In a significant move, more than 200 civil society organizations from around the world have collectively issued a letter addressed to the United Arab Emirates (UAE), the host nation of this year’s COP28 United Nations climate summit, along with all participating governments. The letter outlines a series of demands that spotlight the Gulf nation’s human rights record and call for sweeping reforms.
The UAE, renowned as a bustling hub for trade and tourism, a significant oil producer, and a staunch ally of the United States, has long faced scrutiny over its approach to political dissent and human rights. It has been criticized for its lack of political party pluralism, stringent control over state and local media, and limited freedom of expression. The letter, which bears the signatures of local, regional, and global organizations, including Amnesty International, presents a comprehensive list of seven demands.

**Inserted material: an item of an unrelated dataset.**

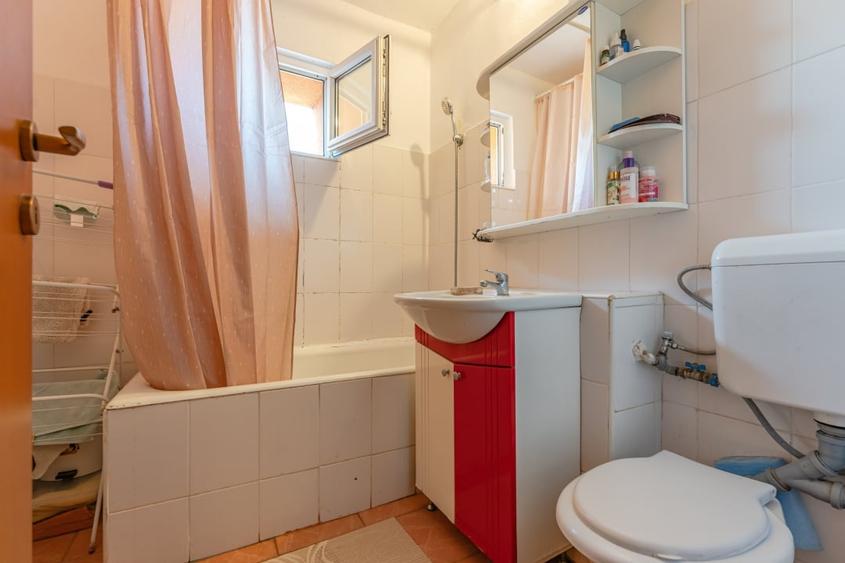 Apartament cu 4 camere decomandat, mobilat în Răcădău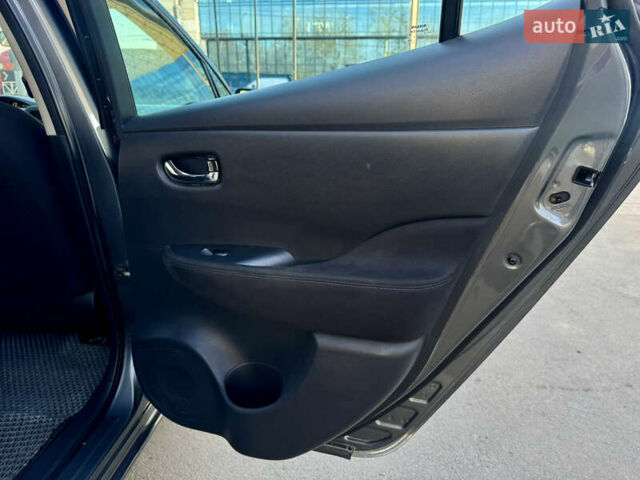 Серый Ниссан Лиф, объемом двигателя 0 л и пробегом 76 тыс. км за 8200 $, фото 25 на Automoto.ua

Among these demands are calling for the repeal of laws deemed to criminalize LGBTQ individuals, the release of “prisoners of conscience” currently detained beyond their sentences, compensation for migrant workers involved in constructing the COP facilities, and an appeal to refrain from surveillance of summit delegates.
As of the time of reporting, the UAE Foreign Ministry and the organizers of COP28 had not issued an immediate response to requests for comment.
The annual United Nations-organized climate summit, which rotates host countries among member states, is scheduled to convene from November 30 to December 12 in Dubai. However, the appointment of Sultan Ahmed al-Jaber to lead the event has sparked controversy, as the UAE is an OPEC member and a prominent oil exporter.
While the UAE has pledged to allow peaceful protests during the summit, specific non-governmental organizations have expressed reservations about attending, citing concerns over potential restrictions on their freedoms and the possibility of arrest. Some have gone as far as calling for a boycott.
Sunjeev Bery, the Executive Director of Freedom Forward, a climate and human rights advocacy organization, who coordinated the letter and is among its 218 signatories, stated,
“How can you have global climate negotiations in a country where peaceful critics and activists are behind bars?” He further added, “Fossil fuel lobbyists and oil executives will be free to roam the halls, while climate and human rights activists will be busy worrying that their phones are hacked by the UAE’s spies while wondering if they will be thrown behind bars if they speak too loudly.” Bery confirmed that his organization would not attend COP28 due to concerns about potential arrests.
The UAE has consistently denied allegations of arbitrary detentions, labeling them as false and unsubstantiated.
Recent international gatherings held in the Middle East, including the 2022 UN climate summit in Egypt and the FIFA Men’s World Cup in Qatar, have drawn attention to host nations’ human rights records, particularly concerning labor practices and detainee treatment. These events have served as platforms for activists to apply pressure on countries to enhance their rights records.
According to a report by The New York Times, concerns about the UAE’s image have emerged within official circles regarding COP28, as evidenced by a leaked recording of a meeting. These concerns underscore the growing global attention on the issue of human rights in conjunction with major international events hosted in the region.